Motivation
In the realm of software development, the latest code generation systems emerged as a game-changing technique that aims to revolutionize how we write software. Developers worldwide leverage code generation systems, such as Copilot, to accelerate coding.
However, these systems sometimes encounter challenges with the quality of the generated code. They can occasionally experience difficulties in consistently delivering context-aware responses. They tend to generate longer responses than necessary.
Goals
In this project, our goal is to develop an efficient, flexible, and adaptable Code Generation system to empower users with the following:
- Performance Enhancement: By incorporating the underlying structure of each sample using Abstract Syntax Tree(AST) representations.

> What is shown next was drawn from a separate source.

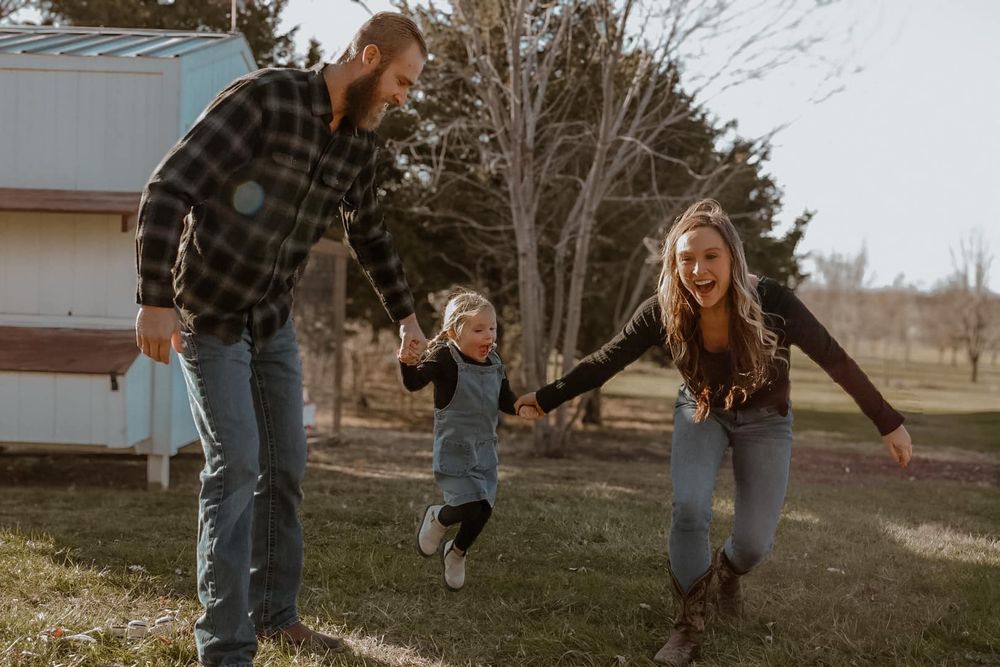 A playful moment captured as a child jumps while holding hands with others on a lawn.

- Language Adaptation: Developers have the freedom to work with their preferred programming language without being limited by a set of languages.
- Adaptability and Personalisation: The high extensibility, allows developers to implicitly set their style into the system and transfer it across projects, and programming languages.
Method
The state-of-the-art approaches often rely on training models solely on one-dimensional i.e. text input. However, our solution proposes a paradigm shift by seamlessly integrating adapters to incorporate an additional modality – the abstract tree representation (AST) of the code – into the model.
Team
- Prof. Dr. Iryna Gurevych, Principal Investigator
- Ji-Ung Lee, MSc, Doctoral Researcher
- Hovhannes Tamoyan, MSc, Doctoral Researcher
Funding
This research work will be funded from 2022 – 2026 by the German Federal Ministry of Education and Research and the Hessen State Ministry for Higher Education, Research and the Arts within their joint support of the National Research Center for Applied Cybersecurity ATHENE.